(Exercise data begins)

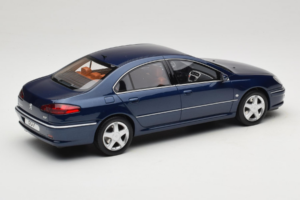 Peugeot 607 Phase II 3.0 V6 Azul Otto 1:18 OT485 Resina - imagen 2 de 6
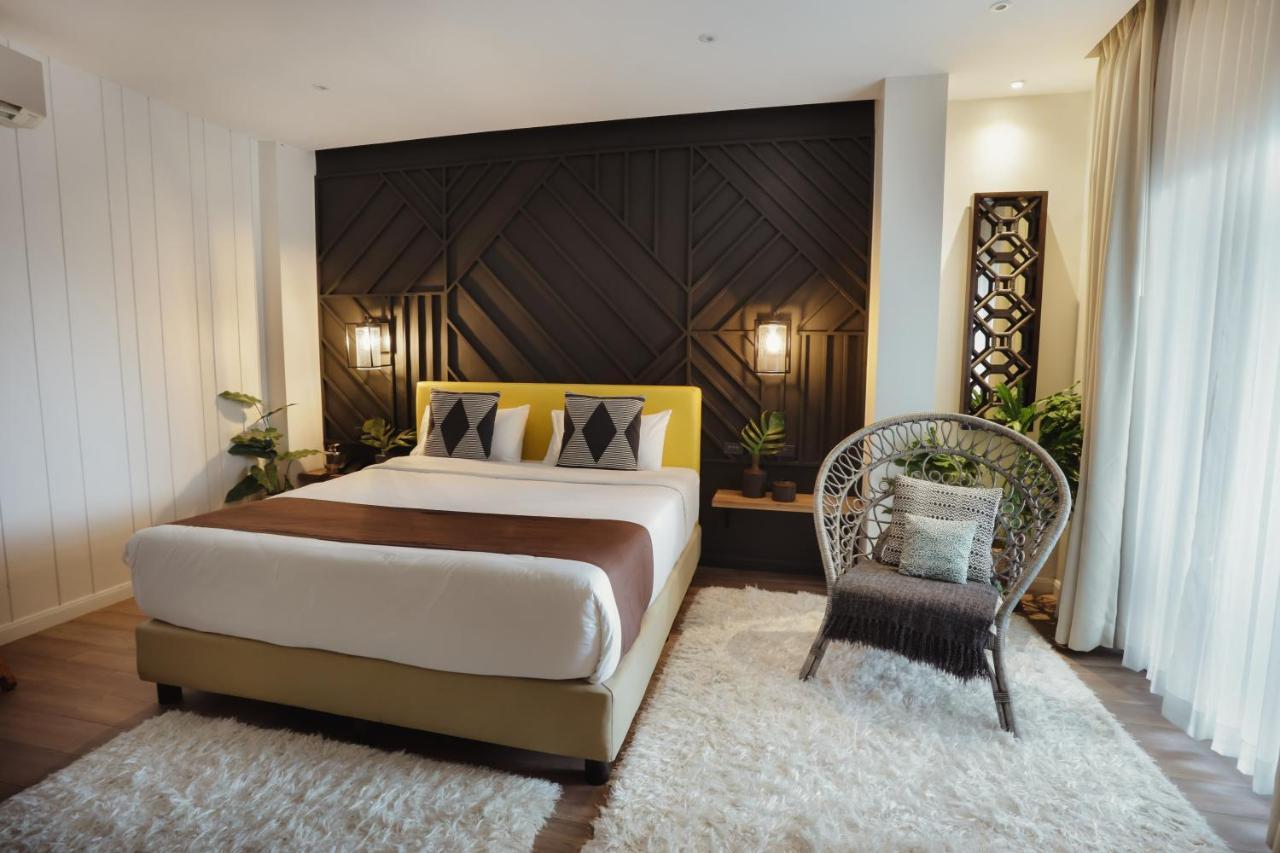 The Bourke Hotel Davao Экстерьер фото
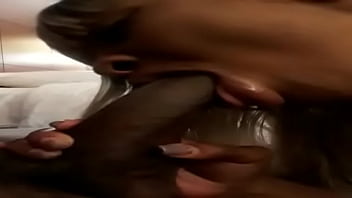 Amador de ébano usando belos lábios para ordenhar bbc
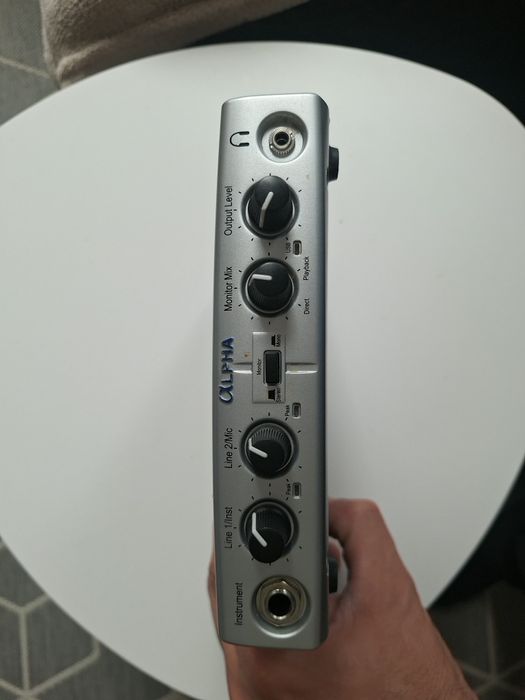 Звукова карта lexicon alpha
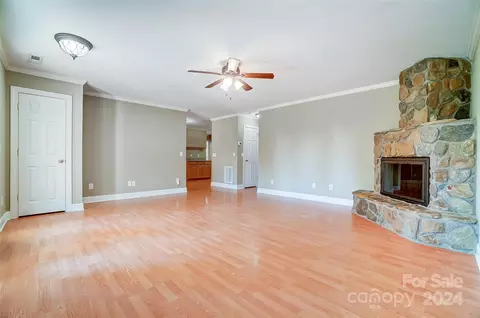 Living - 6902 Honey Bee Rd, Monroe, NC 28110 photo 2 of 8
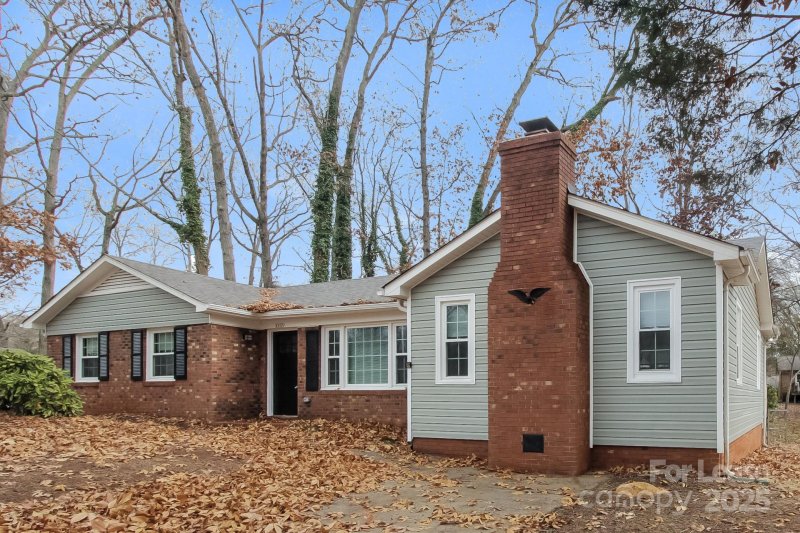 Property image 3 at 10019 Arbordale Avenue, Charlotte, NC 28215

(Exercise data ends)

The task :: Return the listing above in full and without alteration, excluding its pictures.

Completed task ::
 Peugeot 607 Phase II 3.0 V6 Azul Otto 1:18 OT485 Resina - imagen 2 de 6
 The Bourke Hotel Davao Экстерьер фото
 Amador de ébano usando belos lábios para ordenhar bbc
 Звукова карта lexicon alpha
 Living - 6902 Honey Bee Rd, Monroe, NC 28110 photo 2 of 8
 Property image 3 at 10019 Arbordale Avenue, Charlotte, NC 28215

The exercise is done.